Now, create a class for the Helicopter's behavior. Helicopters are generally small and can only hold a few passengers (think 1 or 2). Therefore, when a helicopter arrives, it will tell the simulator that it is adding that many passengers. Try this out and notice the passengers appearing in the passenger waiting area.

Now create a behavior for picking up passengers. Test out to make sure that the passengers are coming and going as you'd expect. Remember that you can stop the simulation at any time to make sure you know what is happening.
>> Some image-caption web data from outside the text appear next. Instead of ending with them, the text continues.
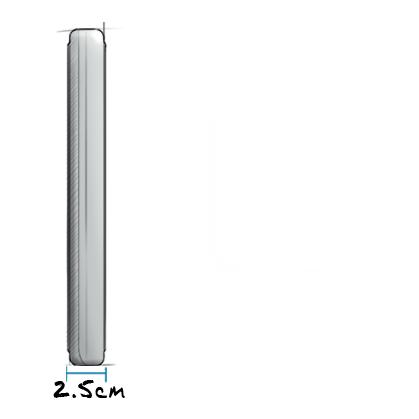 Thin ICE L 2LB - Kühlelement - Produktbild 3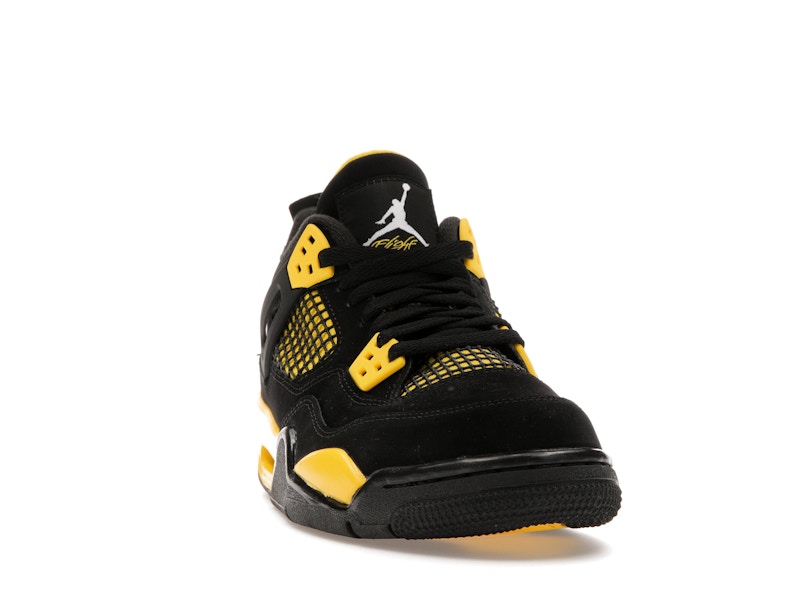 Jordan 4 Retro Thunder (2023) (GS) - image 8
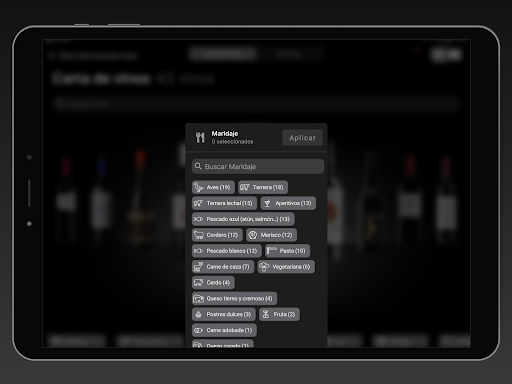 Tresmacarrons Bodega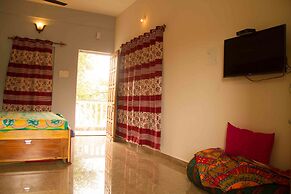 Nirvaah Riverhouse Siolim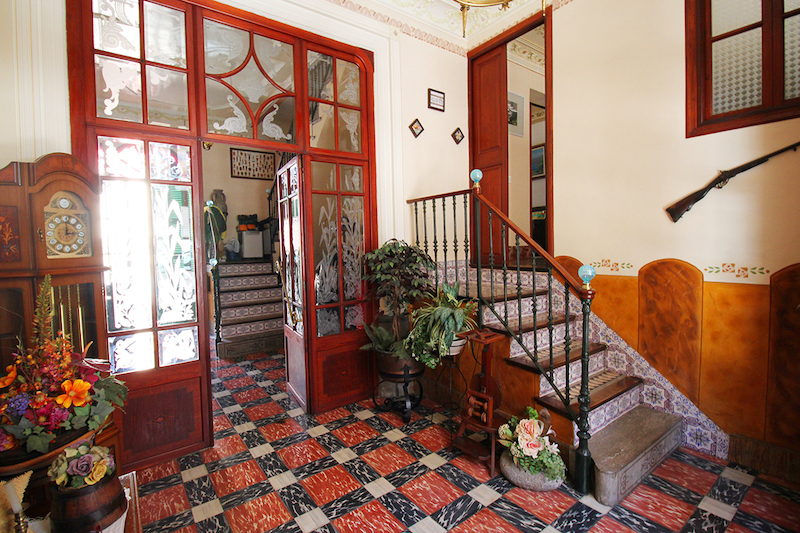 Casa en Sóller — Ref. 1288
Complete the assignment by creating the rest of the behaviors.

Due dates

Note that Lab 8 and Lab 9 are due to be turned in on the same day. However, Lab 8 will be discussed during the week of 11/3 in recitation, and Lab 9 will be discussed during the weeks of 11/10 and 11/17. Therefore, the assumption is that you have completed Lab 8 (or at least a significant amount of the functionality of Lab 8) in 1 week and then will be prepared to work on Lab 9 starting the next week. This is not an invitation to wait until the last minute to start work on both assignments because it is guaranteed that you will not finish them if you wait to begin.

The Lab8.jar must be submitted using the electronic submission command by the end of the day Sunday, November 23rd (11:59:59pm). Note that your submission must include your Java source code files as well as a file that contains your UML diagram.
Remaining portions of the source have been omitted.